The city budget is on track, which is good news compared to the last budget cycle where the city had to tap into reserves to save jobs and programs.
City Manager Rod Swope updated the city finance committee Wednesday on how the two-year budget outlook is now that third quarter information is in
Swope said the state and federal revenues anticipated are expected to remain as projected.
The interest earned on investments is down $600,000 for this fiscal year, and Swope anticipates the same shortfall in FY 2012. Interest rates weren't as high as expected, he said. Of the $80 million city budget, most of that goes in and out of the city books. During that transition of receiving revenue and paying out expenses, the city earns interest.
Another area that saw a deficit in revenue is property tax. Swope said it's 2.5 percent less than projected, which equates to $1 million. He said property values haven't rebounded to the extent they projected, but instead remained stagnant.
Sales tax revenue overall was up 0.5 percent more than projected, which accounts for $400,000. Swope was surprised by that considering tourism sales this summer were 10 percent lower than projected - the city anticipated sales to be 12 percent lower than last year and instead they were down 22 percent.
One upside to tax revenue is the increase of local purchases - specifically gasoline and hotel stays.
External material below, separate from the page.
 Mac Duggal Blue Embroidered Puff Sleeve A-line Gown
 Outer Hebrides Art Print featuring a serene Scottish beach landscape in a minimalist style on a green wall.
That revenue was 3 percent higher than expected.
Finance director Craig Duncan showed a graph with per-quarter trends from FY 2007 through FY 2011's projections. He said the trend is now a drop in tourism sales tax revenues.
"Our local economy is actually improving," he said of non third-quarter tax revenues. "(The drop) is a result of tourists coming in and not spending as much as they have in the past."
In addition, FY 2010 books have been closed and there is a fund balance of $600,000 in savings from departments and $843,000 of additional interest on income in FY 2010 that wasn't expected. Swope said it basically turned out to be a wash.
"The message is, we're not looking at major reductions, cuts or layoffs at this time, but we are holding the line tight," he said. "Fiscal years 2013 and 14 (don't) look quite so rosy."
Swope said significant deficits are likely in FY 2013 and 2014. Duncan said that's because state and federal revenues are either decreasing or being discontinued starting those years. The net shortfall projected into FY 2013 as things stand now will be $4.8 million. In FY 2014 that shortfall lessens to $2.9 million.
"That's all the more reason for us to hold the line and be as tight as we can," he said. "It's really hard to predict with any certainty what things are going to look like 3-4 years out, but it's an important strategy to use."
Assemblyman Bob Doll was hopeful the FY 2013-2014 budget could be achieved without a draw on the "rainy day" fund.
Swope said when he drafts a budget it is balanced, which may include cuts. He said if the Assembly gives direction to use rainy day funds over cuts, that's their prerogative.
"When I look at the budget, I think we've got to take some steps now to address that," he said. "It's hard for me to take drastic steps now to address a guesstimate of what things might look like three to four years from now. Nonetheless, I don't think we can ignore it."
Doll said he felt the upcoming forecast is more optimistic than two years ago.